● Records for this task
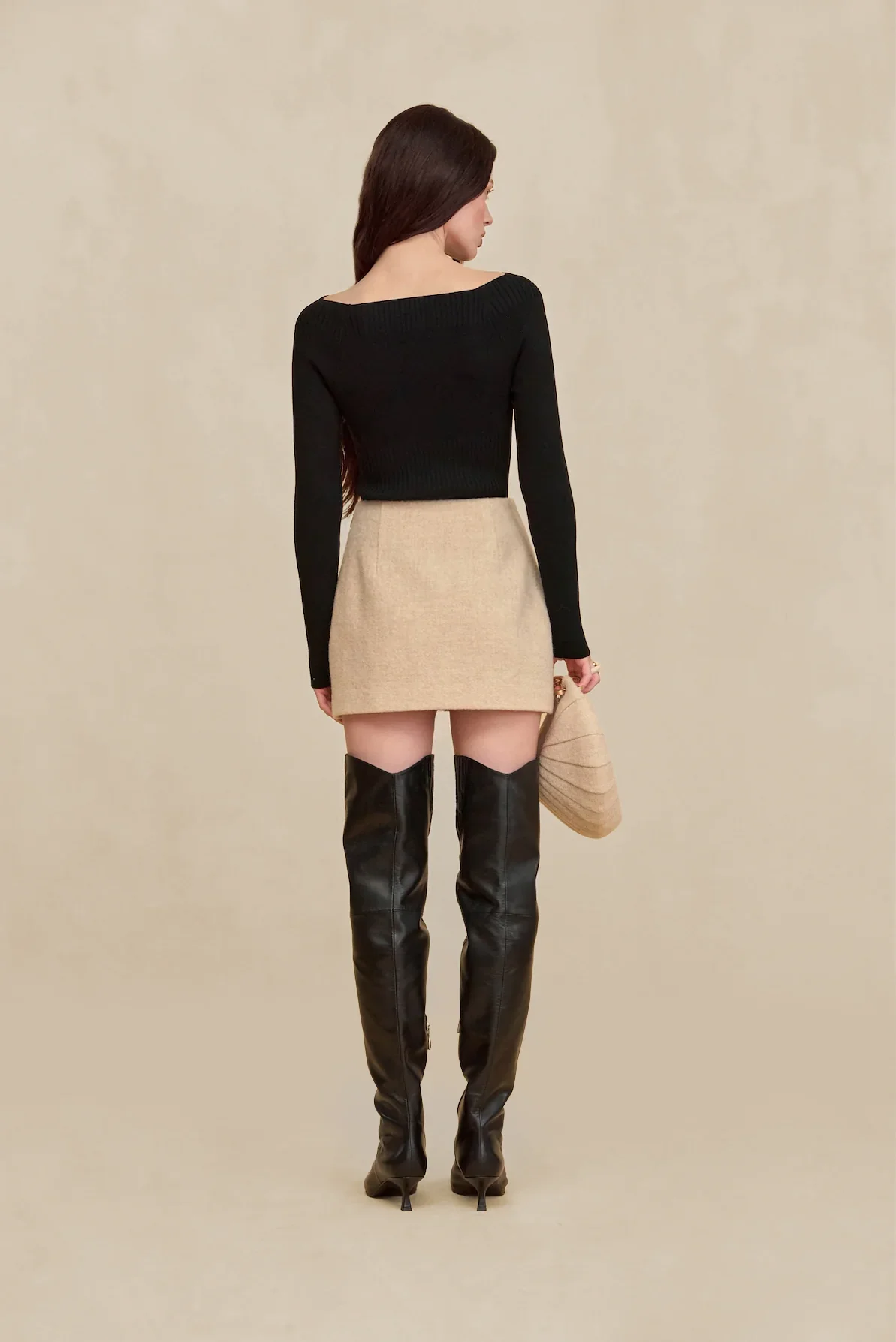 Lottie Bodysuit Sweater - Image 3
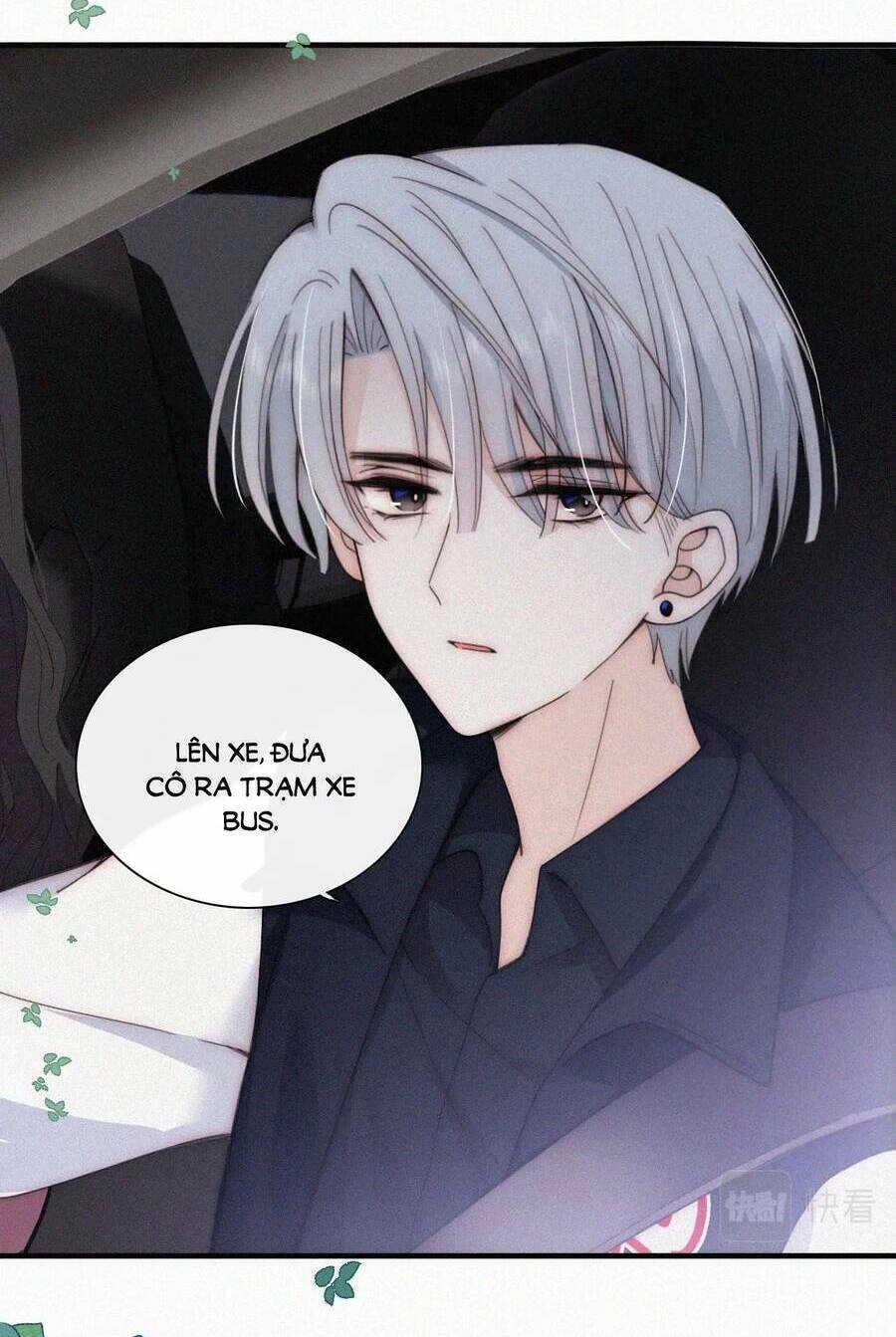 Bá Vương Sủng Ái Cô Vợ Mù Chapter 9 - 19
--
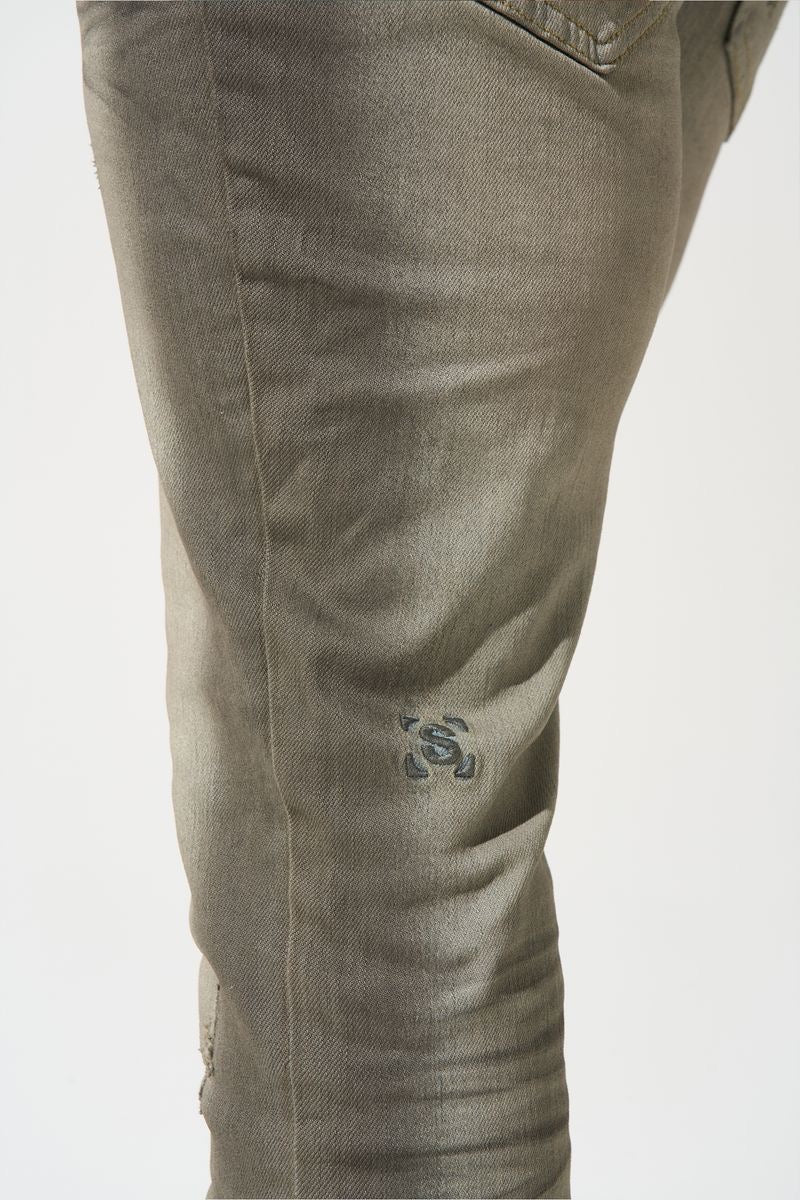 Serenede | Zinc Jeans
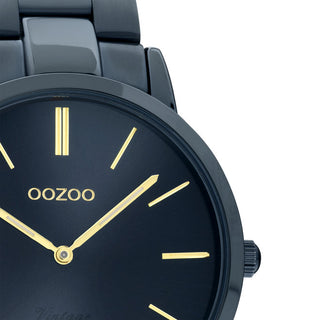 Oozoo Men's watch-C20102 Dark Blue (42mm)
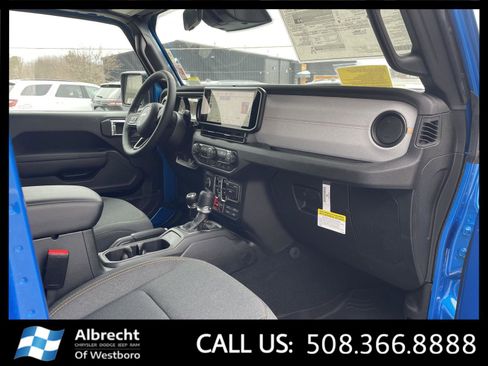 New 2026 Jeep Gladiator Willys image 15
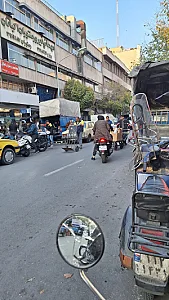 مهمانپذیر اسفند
==
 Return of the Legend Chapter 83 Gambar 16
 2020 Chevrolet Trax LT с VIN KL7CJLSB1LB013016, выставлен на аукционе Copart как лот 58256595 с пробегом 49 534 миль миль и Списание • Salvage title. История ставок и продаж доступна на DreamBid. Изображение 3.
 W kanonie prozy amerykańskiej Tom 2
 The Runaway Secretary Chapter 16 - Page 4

● Exercise
Of the entries listed above, reproduce only the lines starting at the line containing "Return of the Legend Chapter 83 Gambar 16" and ending at the line containing "The Runaway Secretary Chapter 16 - Page 4". Include both, exactly as they stand.

● Solution to this task
 Return of the Legend Chapter 83 Gambar 16
 2020 Chevrolet Trax LT с VIN KL7CJLSB1LB013016, выставлен на аукционе Copart как лот 58256595 с пробегом 49 534 миль миль и Списание • Salvage title. История ставок и продаж доступна на DreamBid. Изображение 3.
 W kanonie prozy amerykańskiej Tom 2
 The Runaway Secretary Chapter 16 - Page 4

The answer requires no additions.